I used to have an old 1964 Hillman Minx De Luxe, with the registration plate BLT 141B. It was my first car, and I loved it dearly. I wish I could have it back again. It had previously belonged to my Dad, Fred, who loved it even more than I did. When the seventeen-year-old car failed its last roadworthiness test, he was so glad that I took the trouble to drive it, fairly illegally, the 35 miles to his house, just so that he could then drive it himself on its last ever journey down to the scrapyard.
This beautiful blue car was “the one” as far as Fred’s motoring career was concerned. One day in 1966, he took me with him to nearby Derby and we visited Peveril Garage, on Friar Gate, up near the headquarters of the Derby County Supporters’ Club:

Fred told me not to mention anything whatsoever about the day to my mother, not under any circumstances. Without any consultation with her at all, therefore, he bought this marvellous car, which was priced at £510. In those days, that was a princely sum indeed. If truth be told, it was actually a total sufficiently royal, that when my mother did eventually find out what he had done, she would have had Fred beheaded if she could have organised it.

The car was a rich blue, half way between sky blue and navy blue, with a black side stripe picked out in metallic chrome. In later years, when he had problems with rust on one of the wings, Fred was to opt for a total re-spray, which allowed him to retain the same colour blue for the body, but to incorporate a black roof which added that extra, unique, little detail to his beloved car:

photo 4

At this time, I had only recently passed my driving test, so, while I waited for the green “Provisional” plates to be invented, I retained my Learner plates, with the Big Red Ell on them. That was enough to be pulled over by a young policeman, apparently tired of arresting burglars, drug dealers, terrorists, murderers and bank robbers. Still, no hard feelings.
And here I am, looking like the man who designs the stage costumes for a 1970s pop group:

photo 2

I am wearing my favourite wide lapel purple jacket which had a wonderful Polyester feel to it. My shirt was short sleeved and chequered in pink and white. My extra wide tie was scarlet, and again, made of Polyester for easy cleaning. My glasses were gold-rimmed and my hair was a deep delicious dark brown without the slightest trace of grey:

photo 5

I had probably been wearing a pair of trousers throughout my day as a teacher, but they are not visible in this photograph. They may well have been my favourite pair ever, which were generously flared and mid-grey with an emphatic large black check design all over them. This created a whole series of huge squares perhaps four or five inches in size. I eventually gave these show stealers to a charity for the homeless in Africa. I often wonder who got them and what he made of them. Conceivably, some kind of shelter.
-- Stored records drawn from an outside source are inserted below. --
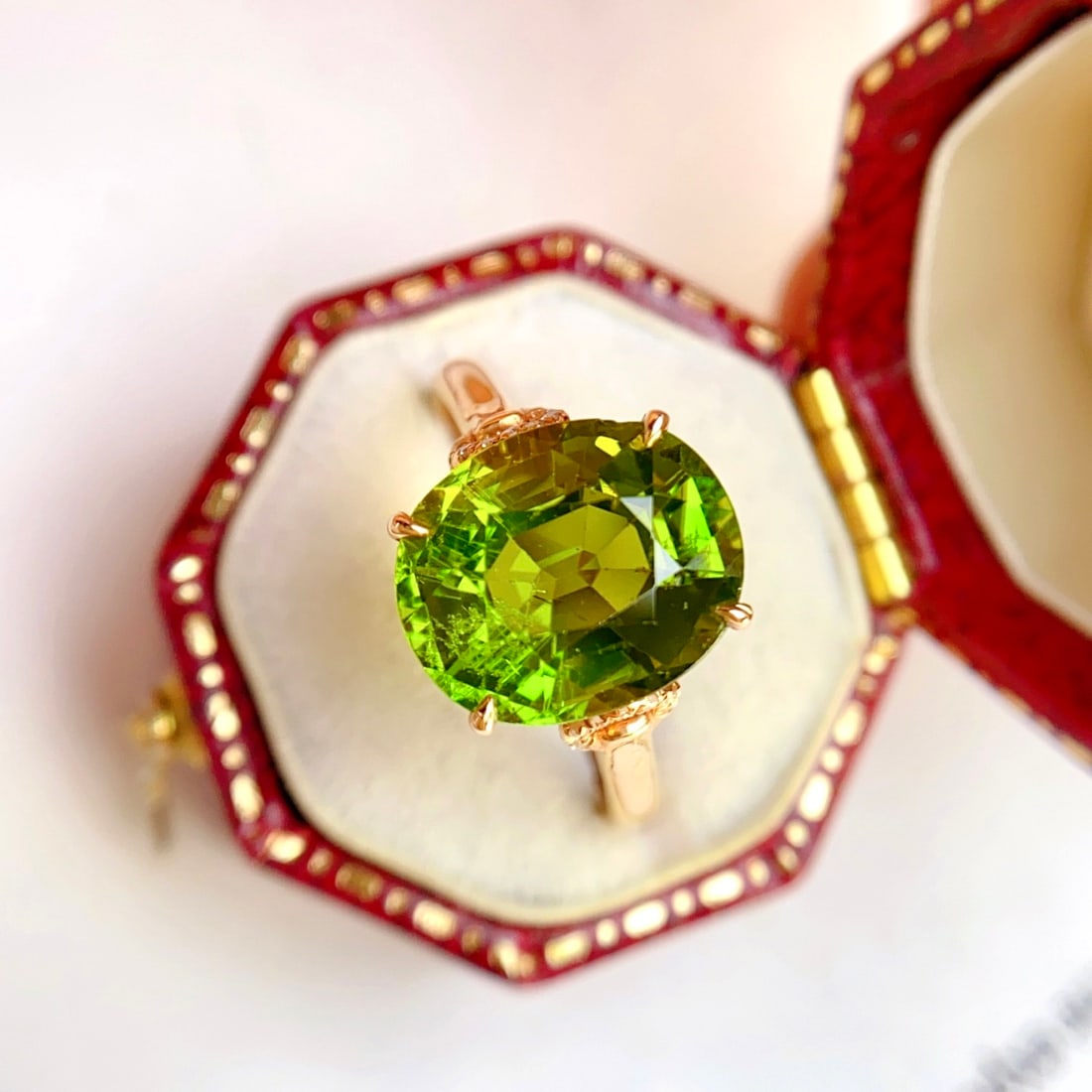 14k Gold 4.90 Ct Natural Tourmaline & Diamond Ring - 4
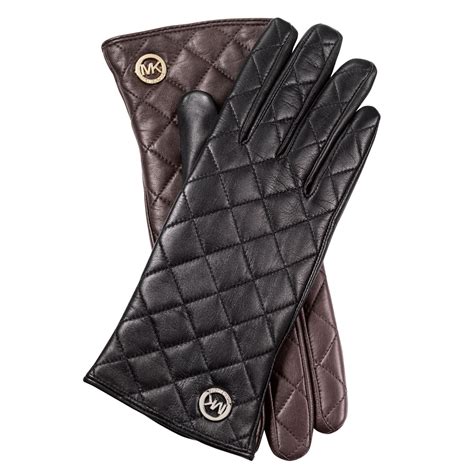 michael kors leather gloves women|mk gloves.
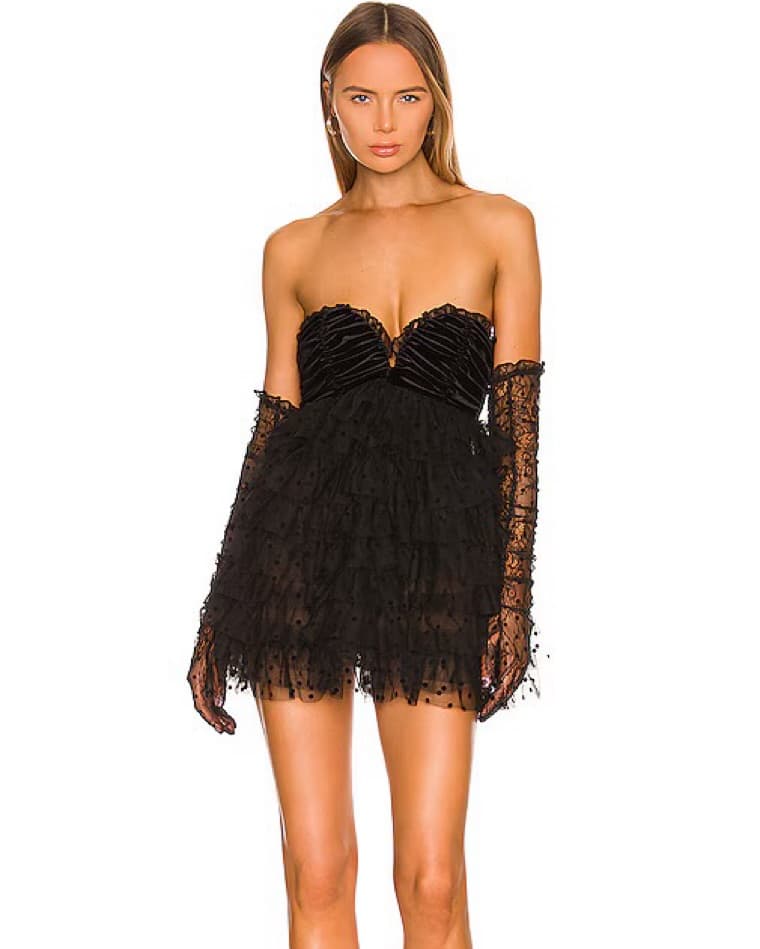 For Love & Lemons Black Jourdan Dress - Image 1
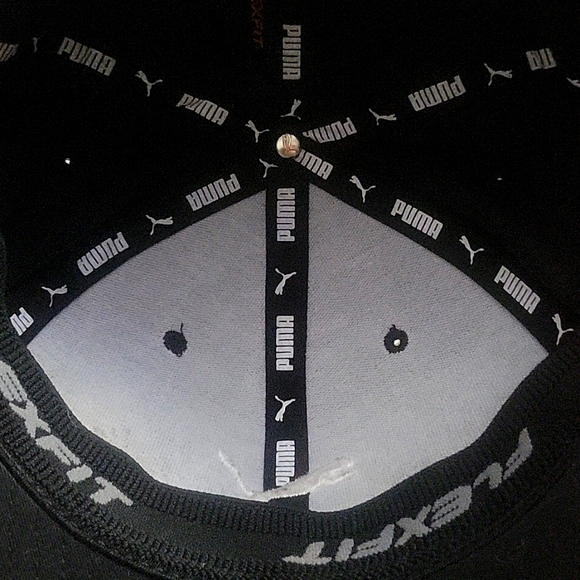 MENS Puma Flex-Fit fitted hat size s/m color black DOUBLE 6 CLOTHES - Picture 5 of 7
Filed under Criminology, History, Humour, My House, Nottingham, Personal

17 responses to “Home is the sailor, home from the sea, And the hunter home from the hill

  1. Now that photo of a younger you has quite a John Lennon look about it. But I am wondering, because that is what I am oft inclined to do, just what was it that prompted you to wander down this lane of reminiscence, for I too, have fond memories of my early cars.

    • I always thought I was like John Lennon, although lots of people thought John Virgo the snooker player was a better bet. I found these old photos a few weeks back as I was rearranging old boxes in the cellar , for the umpteenth time, I suppose as we get older, we think that these bygone days are interesting. And for the most part, they are!

  2. Priceless personal history, John. My first car, bought new in 1966 was a Hillman Imp

  3. The story behind the picture beautifully told. Thanks for the trip down memory lane!

  4. atcDave

    You know most of us hide our photos from that era…

  5. This was a great post! I really enjoyed the photos.

  6. I can remember a car of my father’s, an Austin (or maybe) Ford Pennant, it sat outside the back of the house prior to heading to the great car park in the sky. It had a huge steering wheel and indicators that jumped out of the side. My brother and I played in it for hours – truly great days!

    • Yes they were truly great days. You never forget the first car you came into contact with, usually the one owned by your Dad, I would imagine. And then the first one you yourself owned. No matter how much the technology in them changes, cars never really seem to get very much more attractive as the years go by somehow.

  7. What a fun history…and memories, sir. Your fave car reminds me of the flying car in Harry Potter, which resides at the Paramount Studios museum.

    When I was 17, I worked as an apprentice in a (rip-off) car repair garage. One of the young guys there was a real gear head. He had a Hillman chassis, stripped down. He had bought a “Rat Motor”, a dream engine back then. He worked on it for a year, including afixing a T-bucket body on it. On his very first day of running it, we pushed it out onto the street whereupon he started it. He floored it and within 30 yards, had it on its side, resting on an embankment. It was too much power for little weight.

    • Absolutely right, I occasionally see an old Hillman and it is only know that I realise how tiny and fragile it was. In our school archives, we have a picture of cars parked in our school yard in 1963. There are two more rows than we can get in nowadays!